R/critical_path.R

Defines functions critical_path gantt network_diagram simulation

Documented in critical_path gantt network_diagram simulation

#' Generate the critical path for a collection of related tasks
#'
#' @param df A data frame of tasks with columns ID, name, duration,
#' id's of predecessrs (as a comma separated string) in that order.
#' Name of columns does not matter, only order. Type 'taskdata1' into the
#' console for an example of valid data.
#' @param gantt Boolean that specifies whether or not to produce a gantt
#' chart of the results.
#' @param network Boolean that specifies whether or not to produce a
#' network diagram of the results
#' @param start_date Starting date for the project. Defaults to the
#' current date.
#' @return A list of results.
#'
#' \itemize{
#' \item \strong{critical_path} The id's of the critical path.
#' \item \strong{results} A data frame representation of the results that
#' can be passed to the 'gantt' function.
#' \item \strong{gantt} Gantt chart if 'gantt' argument is true.
#' \item \strong{duration} The duration of the project in days.
#' \item \strong{end_date} The end date of the project.
#' \item \strong{network} Network diagram if 'network' argument true.
#' }
#' @examples
#' # Use provided sample data
#' df <- taskdata1
#'
#' res <- critical_path(df)
#'
#' @export
critical_path <- function(df, gantt = F, network = F, start_date = Sys.Date()){

  # Make sure the start date is in the right format
  start_date <- as.Date(start_date)

  # Extract out the data
  data <- df[, 1:4]

  # Run the preprocess function
  processed_data <- preprocess(data)
  all_tasks <- processed_data[[1]]
  new_ids <- processed_data[[2]]
  graph <- processed_data[[3]]

  # Perform the walk ahead
  walk_ahead(all_tasks, new_ids, start_date)

  # Perform the walk back
  walk_back(all_tasks, new_ids)

  # Prepare the results list
  ret <- list()

  # Calculate the critical path
  c_path <- crit_path(new_ids, all_tasks)

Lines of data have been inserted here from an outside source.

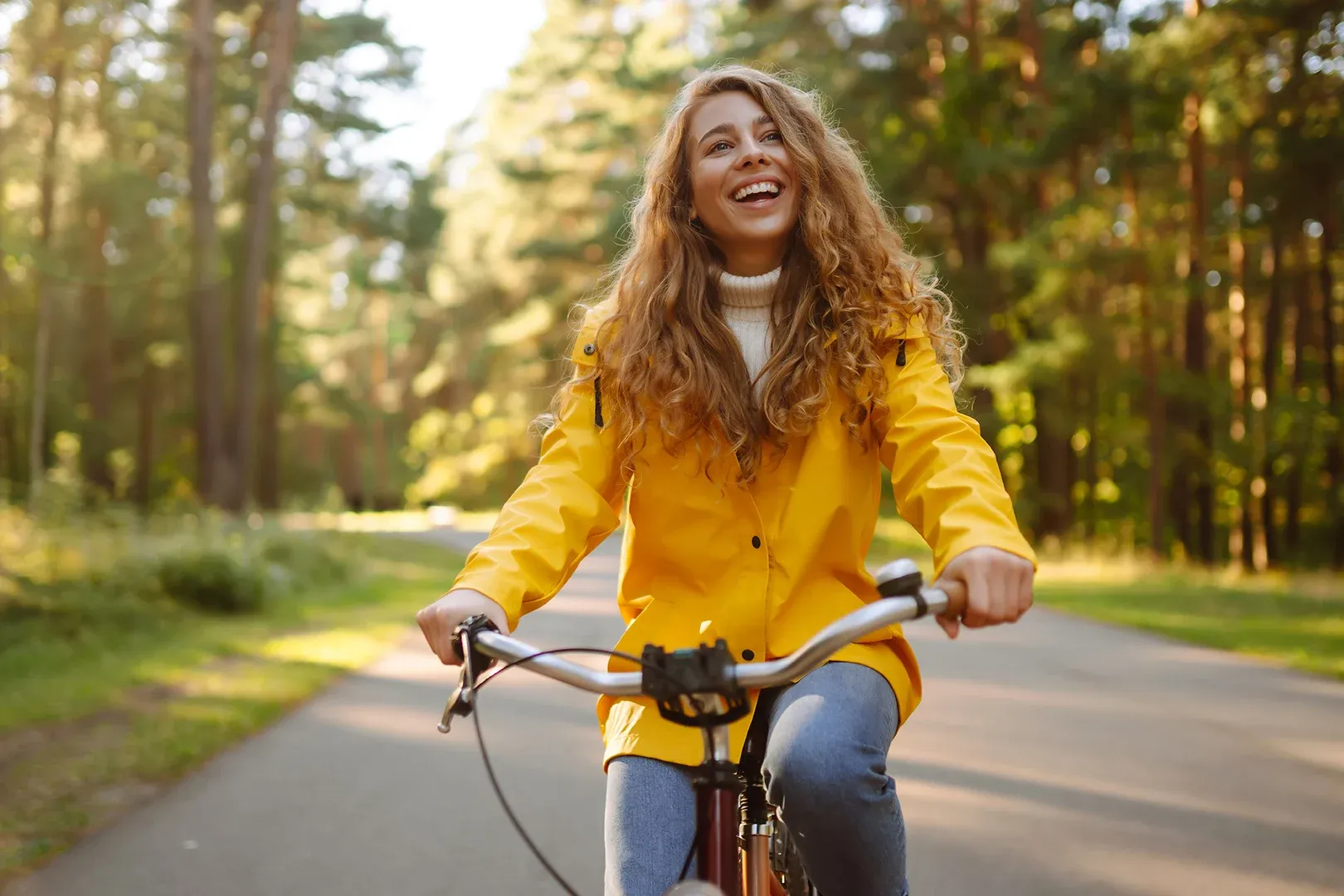 woman smiling and cycling care free on her bike in woodland environment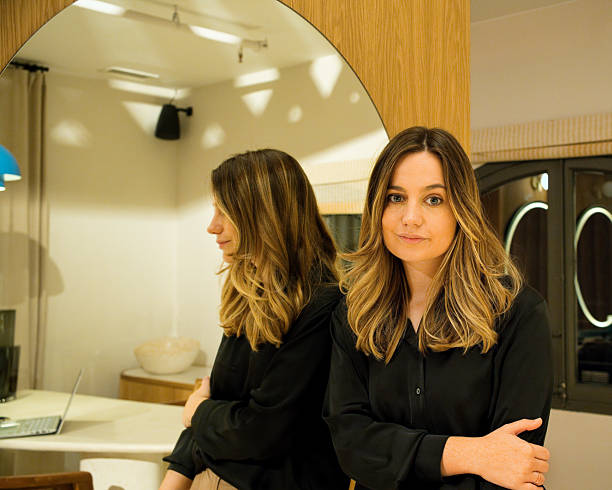 istock Confident Gen Z woman looking at camera with coworking space reflected behind 2228289507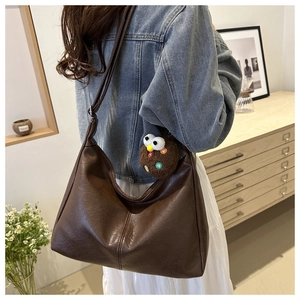Detail of a large brown faux leather hobo bag with litchi texture and a plush charm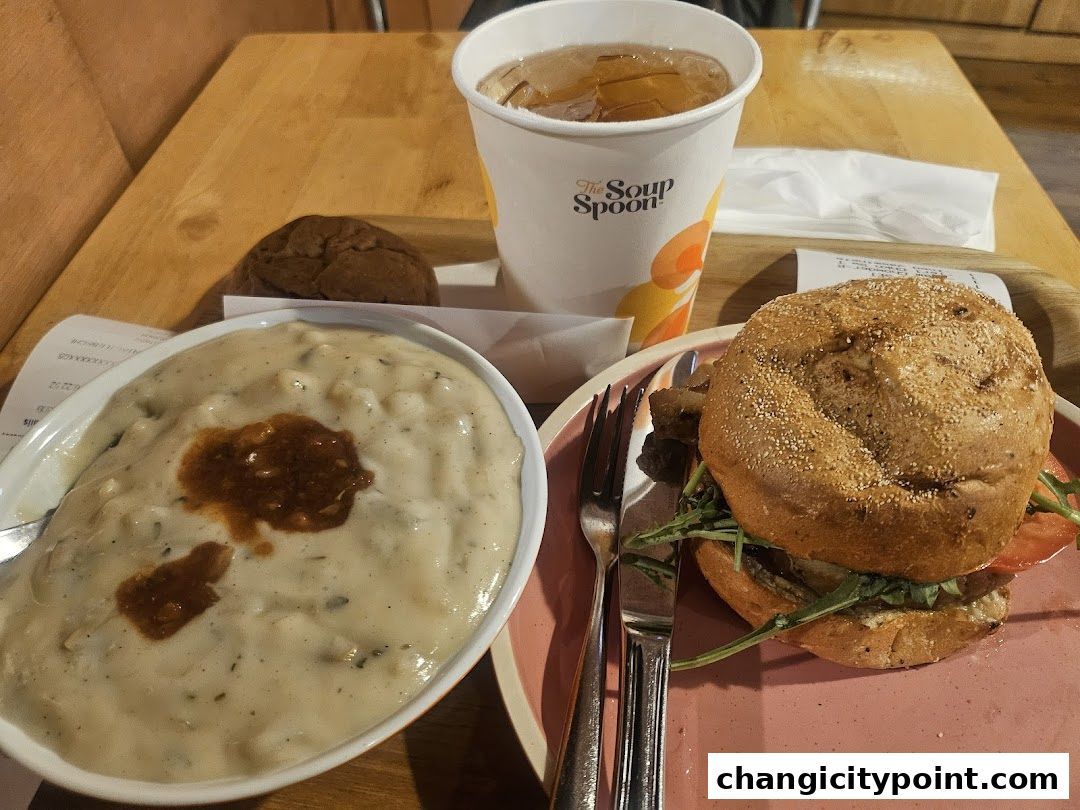 A meal from The Soup Spoon Union featuring soup, a burger, a cookie, and a drink.
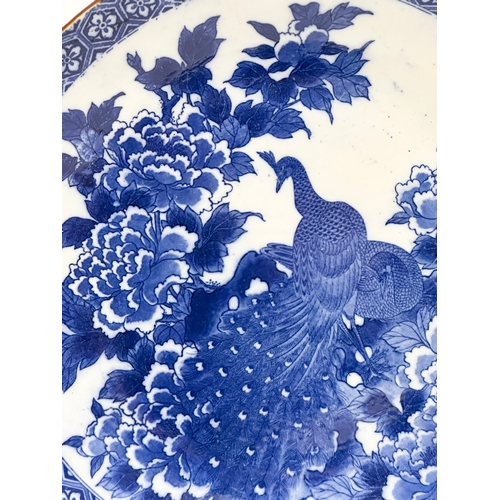 163 - A very large 19th Century Japanese Arita blue and white charger. Meiji Period (1868-1912) 45x5.5cm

  # Remove source and sink
  if ("%id_source%" %in% c_path) {
    c_path <-  c_path[c(-1)]
  }

  if ("%id_sink%" %in% c_path) {
    c_path <- c_path[c(-length(c_path))]
  }

  ret$critical_path <- c_path
  ret$results <- to_data_frame(all_tasks)

  # If gantt is true, add network diagram to results
  if (gantt) {
    ret$gantt <- gantt(ret, start_date = start_date)
  }

  # Calculate the total durations and end date
  time_diff <- max(ret$results$end_date) -
                min(ret$results$start_date)
  ret$total_duration <- as.numeric(time_diff, unit = "days")
  ret$end_date <- start_date + ret$total_duration
  ret$network <- graph

  # If network is true, add network diagram
  if (network) {
    ret$network_diagram <- network_diagram(ret)
  }

  # Return the results
  ret
}

#' Creates a Gantt chart of tasks in a project.
#'
#' @param df Task input. This can either be a data frame of raw data
#' (i.e not from the 'critical_path' function) or can the return value
#' from calling the 'critical path' function. If the data is raw, if must
#' have columns "ID, name, duration, dependencies" in that order. These
#' columns need not be named but they must be in that order. Type 'taskdata1'
#' into the console for an example of raw data.
#' @param start_date Starting date for the project. Defaults to the current
#' date.
#' @param color_critical Default: #f4424b (red). The color of the bars for
#' tasks in the critical path.
#' @param color_non_critical Default: #41a9f4 (light blue). The color of
#' the bars for tasks not in the critical path.
#' @param bar_size Default: 8. The size of the bars in the Gantt chart.
#' @param text_size Default: 3. The size of the text in the Gantt chart.
#' The color of the bars for tasks not in the critical path.
#' @return A gantt chart for the tasks. If data has been processed by the
#' critical path function, then this gantt chart will color the critical
#' path elements.
#' @examples
#' # Use raw example data
#' data <- taskdata1
#' # Create a gantt chart using the raw data
#' gantt(data)
#'
#' res <- critical_path(data)
#'
#' # Create a second gantt chart using the processed data
#' gantt(res)
#'
#' @export
gantt <- function(df, start_date = Sys.Date(), color_critical = "#f4424b",
                  color_non_critical = "#41a9f4", bar_size = 8, text_size = 3){
  raw <- F

  # Ensure start date type is correct
  start_date <- as.Date(start_date)

  # Ensure valid input.
  # TODO: Write better conditions.
  if (length(ncol(df) > 0)) {
    if (ncol(df) == 4) {
      raw <- T
    }
  }
  # Deal with invalid input
  else if (is.null(df$results)) {
    stop(paste("Invalid input, raw input should have 4 columns,",
              "processed should have 7"))
  }else if (ncol(df$results) != 7) {
    stop(paste("Invalid input, raw input should have 4 columns,",
              "processed should have 7"))
  }

  # If data is raw, need preprocessing
  if (raw) {
      # Do necesary preprocessing
      # This is the same as critical path
      data <- df

      # Run the preprocess function
      processed_data <- preprocess(data)
      all_tasks <- processed_data[[1]]
      new_ids <- processed_data[[2]]

      # Perform the walk ahead
      walk_ahead(all_tasks, new_ids, start_date = start_date)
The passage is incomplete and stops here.